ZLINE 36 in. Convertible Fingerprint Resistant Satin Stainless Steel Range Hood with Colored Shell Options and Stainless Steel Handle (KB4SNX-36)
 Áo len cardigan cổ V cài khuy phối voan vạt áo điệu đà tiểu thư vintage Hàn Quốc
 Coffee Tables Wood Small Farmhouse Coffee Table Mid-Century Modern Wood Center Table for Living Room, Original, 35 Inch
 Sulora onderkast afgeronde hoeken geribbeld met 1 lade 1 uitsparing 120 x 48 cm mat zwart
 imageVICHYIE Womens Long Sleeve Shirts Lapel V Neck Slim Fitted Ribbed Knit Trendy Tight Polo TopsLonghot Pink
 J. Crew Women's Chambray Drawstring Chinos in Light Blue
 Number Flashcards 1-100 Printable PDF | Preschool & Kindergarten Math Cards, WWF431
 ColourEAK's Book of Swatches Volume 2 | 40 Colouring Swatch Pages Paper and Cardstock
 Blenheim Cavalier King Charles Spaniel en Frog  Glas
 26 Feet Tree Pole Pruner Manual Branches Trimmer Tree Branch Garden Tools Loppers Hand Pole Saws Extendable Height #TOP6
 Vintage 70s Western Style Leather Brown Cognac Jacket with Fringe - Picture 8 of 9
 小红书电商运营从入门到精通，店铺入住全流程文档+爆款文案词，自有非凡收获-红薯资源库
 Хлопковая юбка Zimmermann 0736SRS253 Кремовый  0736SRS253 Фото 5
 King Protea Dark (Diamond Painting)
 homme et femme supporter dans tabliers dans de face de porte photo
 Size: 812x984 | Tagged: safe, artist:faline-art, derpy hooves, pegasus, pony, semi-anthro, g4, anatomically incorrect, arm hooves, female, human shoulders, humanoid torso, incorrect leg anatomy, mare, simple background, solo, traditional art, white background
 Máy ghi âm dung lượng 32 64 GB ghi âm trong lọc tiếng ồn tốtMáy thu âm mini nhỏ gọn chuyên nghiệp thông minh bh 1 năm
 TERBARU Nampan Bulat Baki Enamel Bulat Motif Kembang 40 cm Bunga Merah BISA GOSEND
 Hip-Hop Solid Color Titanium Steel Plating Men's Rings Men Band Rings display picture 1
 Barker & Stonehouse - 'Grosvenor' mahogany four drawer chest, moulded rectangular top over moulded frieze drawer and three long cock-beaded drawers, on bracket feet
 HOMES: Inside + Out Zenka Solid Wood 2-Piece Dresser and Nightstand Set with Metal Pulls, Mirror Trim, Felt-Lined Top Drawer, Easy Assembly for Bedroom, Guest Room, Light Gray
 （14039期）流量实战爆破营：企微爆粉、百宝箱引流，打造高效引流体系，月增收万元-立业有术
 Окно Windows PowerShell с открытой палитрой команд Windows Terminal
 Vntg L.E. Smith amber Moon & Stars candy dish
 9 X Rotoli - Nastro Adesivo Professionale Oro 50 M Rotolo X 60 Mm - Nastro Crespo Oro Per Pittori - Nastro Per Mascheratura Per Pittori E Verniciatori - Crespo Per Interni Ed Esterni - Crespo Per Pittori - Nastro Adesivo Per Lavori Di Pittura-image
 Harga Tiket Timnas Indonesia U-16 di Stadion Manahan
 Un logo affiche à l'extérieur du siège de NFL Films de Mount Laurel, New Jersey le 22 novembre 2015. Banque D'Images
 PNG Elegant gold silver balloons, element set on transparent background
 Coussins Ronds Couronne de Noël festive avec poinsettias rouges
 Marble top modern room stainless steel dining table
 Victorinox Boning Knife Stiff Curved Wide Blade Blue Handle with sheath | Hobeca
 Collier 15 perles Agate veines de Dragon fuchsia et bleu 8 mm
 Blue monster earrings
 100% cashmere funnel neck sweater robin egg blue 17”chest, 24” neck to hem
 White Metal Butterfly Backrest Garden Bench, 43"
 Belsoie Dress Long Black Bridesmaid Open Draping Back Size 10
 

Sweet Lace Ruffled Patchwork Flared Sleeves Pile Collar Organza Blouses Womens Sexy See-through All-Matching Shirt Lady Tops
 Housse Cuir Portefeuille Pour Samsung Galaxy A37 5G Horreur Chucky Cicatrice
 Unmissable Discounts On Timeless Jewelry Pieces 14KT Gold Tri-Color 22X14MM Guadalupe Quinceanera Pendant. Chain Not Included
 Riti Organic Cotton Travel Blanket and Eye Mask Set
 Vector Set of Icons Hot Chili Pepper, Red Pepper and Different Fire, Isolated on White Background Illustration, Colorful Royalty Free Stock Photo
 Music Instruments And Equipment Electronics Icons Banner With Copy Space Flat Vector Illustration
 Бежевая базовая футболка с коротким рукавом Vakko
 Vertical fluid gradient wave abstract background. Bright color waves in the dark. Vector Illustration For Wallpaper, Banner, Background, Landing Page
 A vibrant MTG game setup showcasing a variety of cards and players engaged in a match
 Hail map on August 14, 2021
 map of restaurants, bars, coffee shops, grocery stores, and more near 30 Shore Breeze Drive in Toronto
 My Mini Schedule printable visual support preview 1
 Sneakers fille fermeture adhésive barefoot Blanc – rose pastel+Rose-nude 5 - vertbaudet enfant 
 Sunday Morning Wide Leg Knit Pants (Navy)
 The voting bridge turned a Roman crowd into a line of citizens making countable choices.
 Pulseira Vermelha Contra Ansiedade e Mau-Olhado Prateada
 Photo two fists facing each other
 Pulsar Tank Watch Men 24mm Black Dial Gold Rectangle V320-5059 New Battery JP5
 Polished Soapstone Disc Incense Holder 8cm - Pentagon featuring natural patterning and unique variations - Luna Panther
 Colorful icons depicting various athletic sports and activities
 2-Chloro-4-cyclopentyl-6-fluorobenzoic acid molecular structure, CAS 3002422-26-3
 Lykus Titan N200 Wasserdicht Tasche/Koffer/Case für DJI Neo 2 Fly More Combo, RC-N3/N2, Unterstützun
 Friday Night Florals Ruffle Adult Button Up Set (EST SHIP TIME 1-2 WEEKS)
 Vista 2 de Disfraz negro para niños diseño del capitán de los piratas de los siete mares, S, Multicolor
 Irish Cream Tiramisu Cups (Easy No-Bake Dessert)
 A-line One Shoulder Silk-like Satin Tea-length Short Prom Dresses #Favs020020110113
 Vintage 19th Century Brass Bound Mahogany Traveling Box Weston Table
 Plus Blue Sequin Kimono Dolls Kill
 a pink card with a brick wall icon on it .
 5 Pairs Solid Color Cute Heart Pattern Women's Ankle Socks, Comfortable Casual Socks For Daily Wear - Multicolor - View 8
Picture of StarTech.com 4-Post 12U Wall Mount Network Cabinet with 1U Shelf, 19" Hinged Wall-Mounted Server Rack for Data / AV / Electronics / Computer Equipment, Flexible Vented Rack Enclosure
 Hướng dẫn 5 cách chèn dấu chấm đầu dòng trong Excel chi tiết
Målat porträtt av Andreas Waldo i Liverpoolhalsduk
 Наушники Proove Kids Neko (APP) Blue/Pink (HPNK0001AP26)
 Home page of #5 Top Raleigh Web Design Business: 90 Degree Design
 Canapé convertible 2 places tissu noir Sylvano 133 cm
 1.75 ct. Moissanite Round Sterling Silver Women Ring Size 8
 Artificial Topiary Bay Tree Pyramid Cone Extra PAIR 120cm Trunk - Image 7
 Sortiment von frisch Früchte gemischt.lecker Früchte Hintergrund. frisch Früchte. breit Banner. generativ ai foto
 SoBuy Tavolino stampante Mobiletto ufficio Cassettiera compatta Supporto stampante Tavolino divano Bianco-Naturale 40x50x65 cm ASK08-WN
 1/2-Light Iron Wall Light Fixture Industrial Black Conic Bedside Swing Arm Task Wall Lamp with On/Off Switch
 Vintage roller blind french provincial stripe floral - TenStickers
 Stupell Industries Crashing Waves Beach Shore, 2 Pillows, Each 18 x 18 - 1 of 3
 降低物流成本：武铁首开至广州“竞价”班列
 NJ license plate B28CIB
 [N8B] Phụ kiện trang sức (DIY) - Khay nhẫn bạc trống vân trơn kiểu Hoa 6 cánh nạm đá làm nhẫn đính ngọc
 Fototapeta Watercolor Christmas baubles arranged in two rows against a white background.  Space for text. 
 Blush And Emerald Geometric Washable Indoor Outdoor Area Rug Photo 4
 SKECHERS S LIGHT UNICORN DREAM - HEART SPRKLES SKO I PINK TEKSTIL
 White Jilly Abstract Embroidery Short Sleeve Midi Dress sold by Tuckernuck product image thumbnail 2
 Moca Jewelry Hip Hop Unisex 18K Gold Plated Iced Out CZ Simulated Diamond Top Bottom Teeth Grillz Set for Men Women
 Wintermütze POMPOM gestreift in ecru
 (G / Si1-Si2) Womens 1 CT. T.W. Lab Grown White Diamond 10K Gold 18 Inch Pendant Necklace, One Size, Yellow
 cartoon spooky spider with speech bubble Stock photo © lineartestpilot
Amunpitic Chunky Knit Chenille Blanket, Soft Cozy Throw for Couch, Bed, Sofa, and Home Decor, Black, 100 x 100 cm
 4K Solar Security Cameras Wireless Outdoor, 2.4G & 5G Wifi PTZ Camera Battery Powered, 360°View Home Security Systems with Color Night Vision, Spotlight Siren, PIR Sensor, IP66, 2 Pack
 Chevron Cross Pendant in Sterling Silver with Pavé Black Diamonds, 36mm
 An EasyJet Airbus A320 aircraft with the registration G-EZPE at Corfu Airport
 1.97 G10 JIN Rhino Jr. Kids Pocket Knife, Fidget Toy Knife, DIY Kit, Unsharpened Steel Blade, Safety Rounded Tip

◆ ◆ ◆ ◆ ◆

Work instruction >> From the data above, output exactly the lines between the one containing "Sweet Lace Ruffled" and the one containing "Бежевая базовая футболка", counting both of them.

Task result >>
Sweet Lace Ruffled Patchwork Flared Sleeves Pile Collar Organza Blouses Womens Sexy See-through All-Matching Shirt Lady Tops
 Housse Cuir Portefeuille Pour Samsung Galaxy A37 5G Horreur Chucky Cicatrice
 Unmissable Discounts On Timeless Jewelry Pieces 14KT Gold Tri-Color 22X14MM Guadalupe Quinceanera Pendant. Chain Not Included
 Riti Organic Cotton Travel Blanket and Eye Mask Set
 Vector Set of Icons Hot Chili Pepper, Red Pepper and Different Fire, Isolated on White Background Illustration, Colorful Royalty Free Stock Photo
 Music Instruments And Equipment Electronics Icons Banner With Copy Space Flat Vector Illustration
 Бежевая базовая футболка с коротким рукавом Vakko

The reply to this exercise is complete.